When the increase in punishment results from a change in the law affecting parole after the prisoner committed a crime and has been sentenced, there are two lines of authority dealing with the constitutional ex post facto issue thus raised.
2. One group of courts holds that because parole is a matter of legislative grace, statutes enacted after a sentence has been imposed which changes or modifies eligibility for parole in a manner detrimental to a prisoner are not ex post facto laws, and not unconstitutional. See Zink v. Lear, 101 A.2d 72 (N.J.App. Div. 195 3); State ex rel. Koalska v. Swenson, 66 N.W.2d 337 (Minn. 1954), cert. denied, 348 U.S. 908 (1955).
There are, however, a growing list of well reasoned authorities holding the other way.
The Supreme Court of California, in In re Griffin, 408 P.2d 959, 961 (Cal. 1965), said, in construing a new law changing eligibility for parole after Griffin was sentenced and released on parole: "Whatever the technical nature of a parole may be, from a realistic point of view it is our opinion that such a statute increases the punishment rather than decreases it. . . . It is elementary, of course, that a statute amended after an act is committed so as to increase the punishment cannot be made applicable to an accused, because to do so would run afoul of the prohibition against ex post facto laws." (Emphasis added.) Accord Greenfield v. Scafiti, 277 F. Supp. 644 (D. Mass. 1967), Aff'd, 390 U.S. 713 (1968). See also In re Beaton, 241 N.E.2d 845 (Mass. 1968); Still v. Nichols, 412 F.2d 778 (1st Cir. 1969).
3. This court has pointedly held in Pinana v. State, 76 Nev. 274, 283, 352 P.2d 824 (1960), that: "The subject of parole in this state is within the legislative authority given by the constitution to the legislature. Art. 4, Sec. 1, Nevada Constitution. Parole is not a constitutional right; it is a right bestowed by legislative grace. Zink v.

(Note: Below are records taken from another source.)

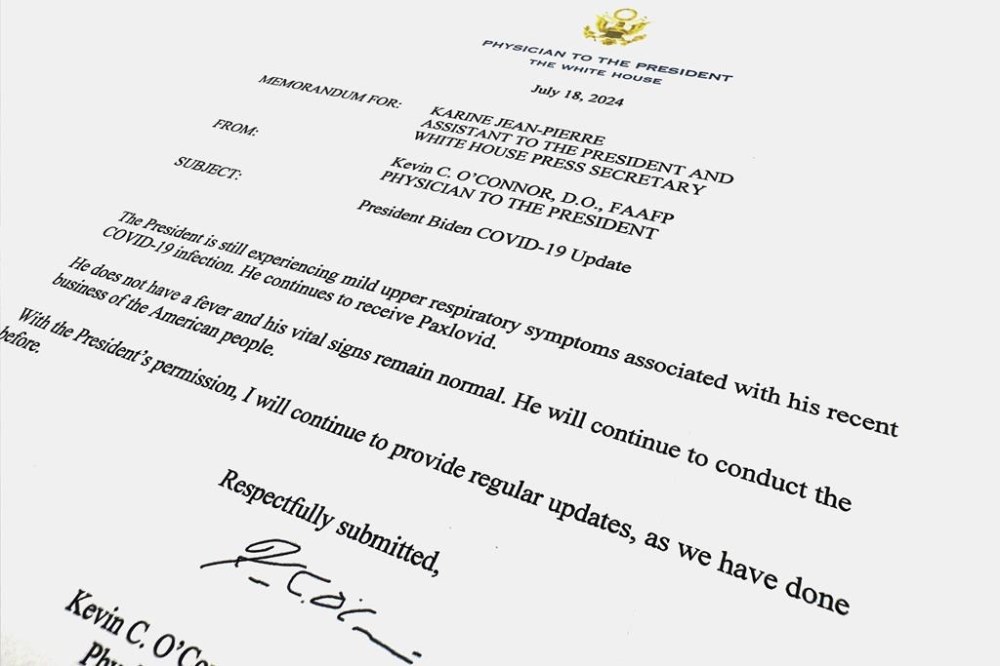 The memorandum released by the White House from President Joe Biden's physician Kevin C. O'Connor to White House press secretary Karine Jean-Pierre is photographed Thursday, July 18, 2024. O'Connor says that Biden continues to experience mild upper respiratory symptoms due to COVID-19, but doesn't have a fever and his vital signs are normal. (AP Photo/Jon Elswick)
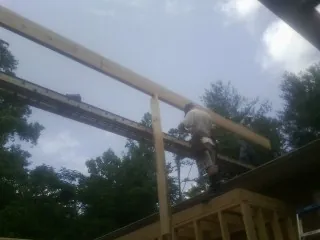 Carpenter setting a ridge beam over a new addition frame — Ice Dam Removal by Roofing Brothers in Ferguson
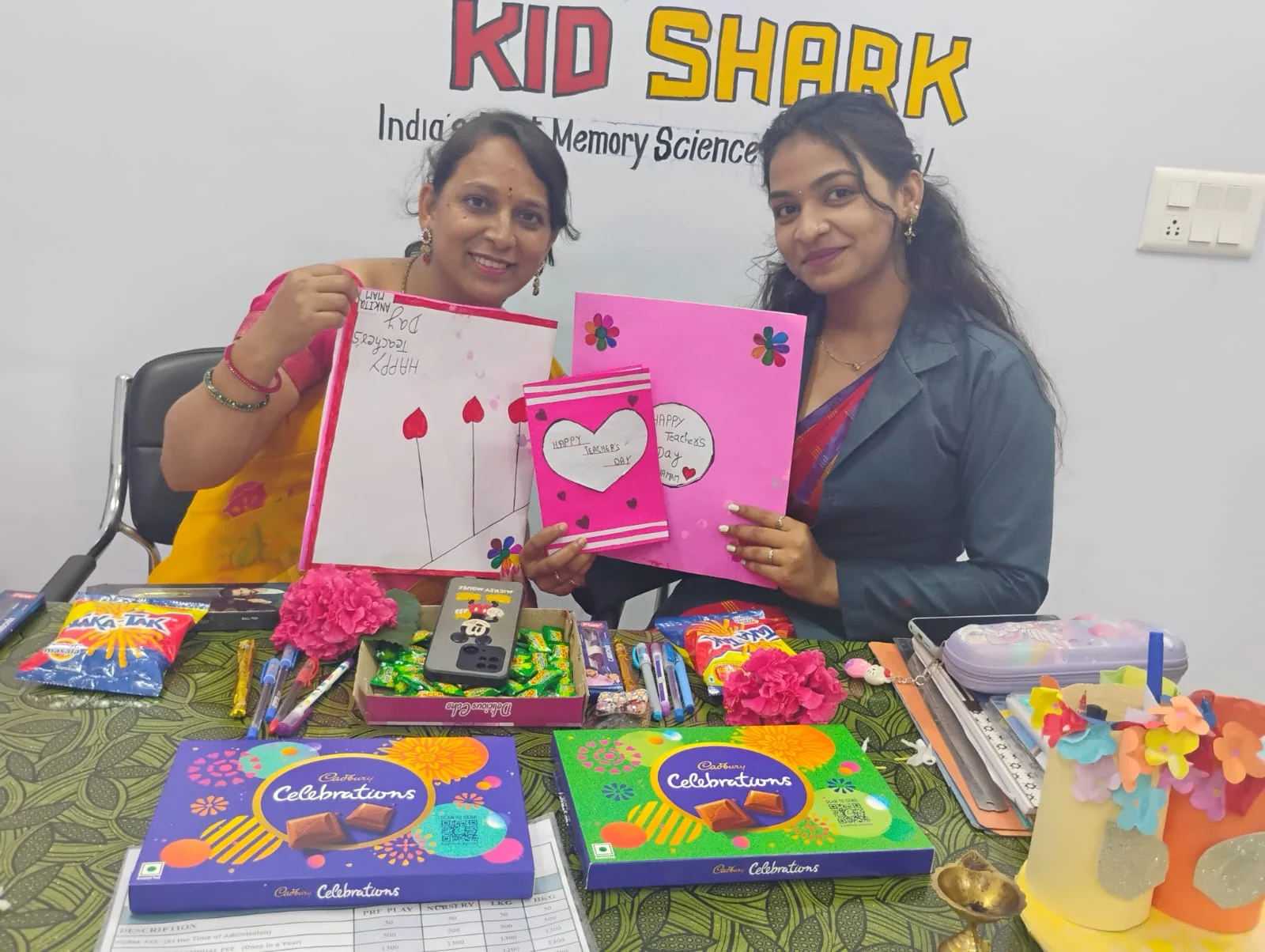 Two teachers holding colourful handmade artwork at Kid Shark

Lear, 28 N.J. Super. 515, 101 A.2d 72."
Nevertheless, if the legislature undertakes to enact laws granting parole when it need not constitutionally have done so, we think those rights granted as acts of clemency or grace must be administered in accordance with concepts of due process and may not arbitrarily increase the punishment previously imposed in the unequal and illogical manner done here. See Griffin v. Illinois, 351 U.S. 12, 18 (1956), where, in dealing with a similar type of problem relating to appellate review, the Supreme Court said: "It is true that a State is not required by the Federal Constitution to provide appellate courts or a right to appellate review at all. [Citations omitted.] But that is not to say that a State that grants appellate review can do so in a way that discriminates against some convicted defendants on account of their poverty."
See generally NRS 213.107-213.210.
4. Respondents urge that Eisentrager v. State Board of Parole, 85 Nev. 672, 462 P.2d 40 (1969), is decisive of the issue in this case in their favor. We do not agree. We held in that case the legislature was merely exercising its constitutional powers to determine the terms and conditions of parole when it enacted NRS 213.110 which precluded parole being granted to a prisoner who had been previously convicted of more than three felonies. There was no issue raised or decided in that case dealing with the ex post facto question.
5. We subscribe to the rule announced in In re Griffin, supra, and hold that ch. 98,  Stats. of Nev. 125, is unconstitutional in that it is an ex post facto law and in violation of Art. 1, § 15, of the Nevada Constitution and Art. 1, §§ 9 and 10, of the U.S. Constitution.
The application is granted and a Writ of Mandate shall issue commanding respondents to permit petitioner to file and directing respondents to consider his request for parole.
ZENOFF, BATJER, MOWBRAY, and THOMPSON, JJ., concur.